Since professionalism this has been the case anyway, with the national side last triumphing in the Five Nations and ever since then simply starting and fitting, picking up wins here and there.
However, there have been fleeting moments of brilliance.
The record victory over Italy was one such moment with backs and playmakers slickly coming through the plan. It was precise and above all, powerful, as the half-backs passed, the strike runners struck and man after man lay down for the tackle, having driven shoulders into attackers.
Such significant wins have been seen before and Scots’ memories are dotted with specks of that victory at Croke Park in 2010 or Wales getting whacked in 2003. Many recall that Calcutta Cup win in 2008. There was another in 2006, but that year also stood out for Sean Lamont rocking the French on his own and leading the team to a famous 20-16 victory, before Paterson took over against the Italians at the end of that championship.
That year Scotland had three victories. Every year since they have won only one game, with the exception of last season’s whitewash.

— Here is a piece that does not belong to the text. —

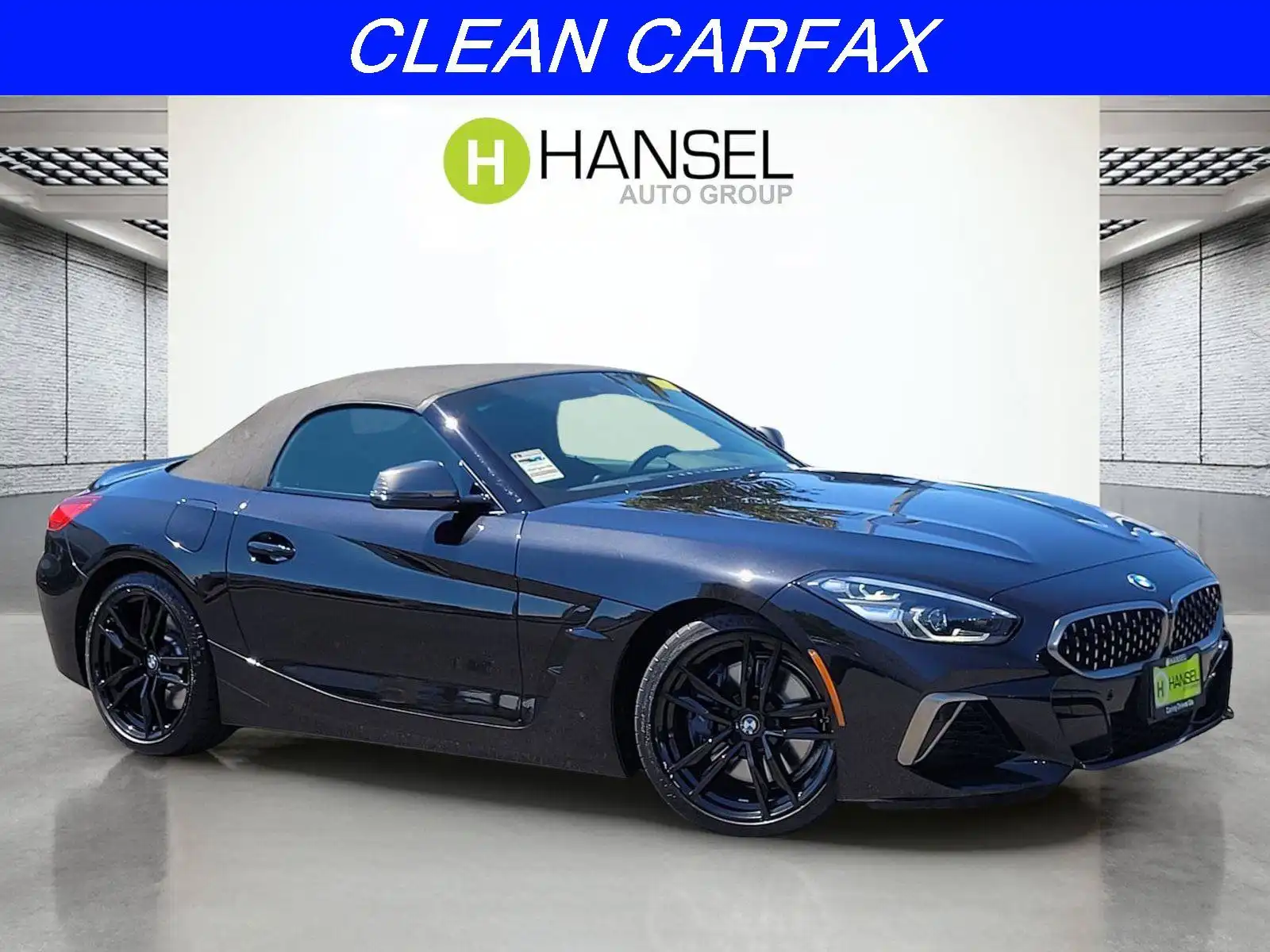 2020 BMW Z4 M40i's photo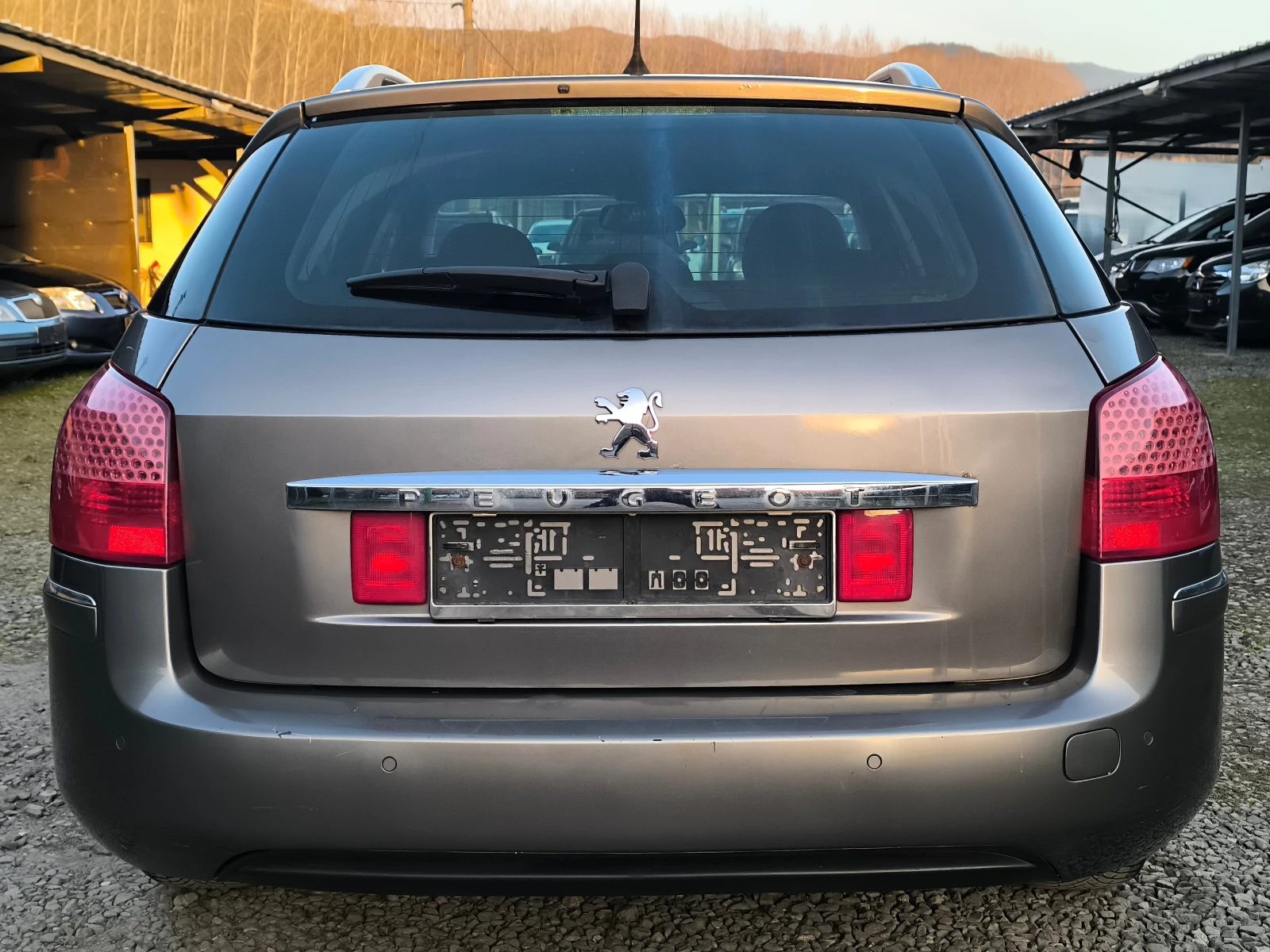 Peugeot 407 -2.0HDI-140��-6 ��������-��������-���������-�����- | Mobile.bg � ����������� 4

Now we are told that a culture change, hugely different from that heralded by the English, is transforming Scotland and that the freelance, interim coaching team are giving the boys what they need to succeed. A glorious win flashes by and all of a sudden the stewards of the north are talking about turning out the best Championship since 2006.
They have an opportunity, with the Irish squad ravaged by injury patching itself up and readying for a scrap this Sunday. If ever Scotland were to back up a record performance it would be against a wounded team with disciplinary problems and a captain and coach needing to prove they are still the right men for the job.
It will not be easy, but Scott Johnson and his vagabond staff have a position many coaches would actually be happy with. They have a team that will forever call itself the underdog. They have finite time. They have some confidence. They have weapons. They are at relative full strength, bar the missing Euan Murray. And they may go for it, using guerrilla attacks, at the first whistle.
If this happens and Scotland have two wins, Scott Johnson is a shoe-in to convince the Scottish hierarchy that he is the best man to lead Scotland and some of his interim helpers will be happy that they have proved a point. Lose and they just move on to the next game and the smidgeon of hope.
The room may be rattling, but Johnson has glued the furniture to the floor and is strapping down the china. No one knows how long that will last, and for the moment, that’s kinda exciting.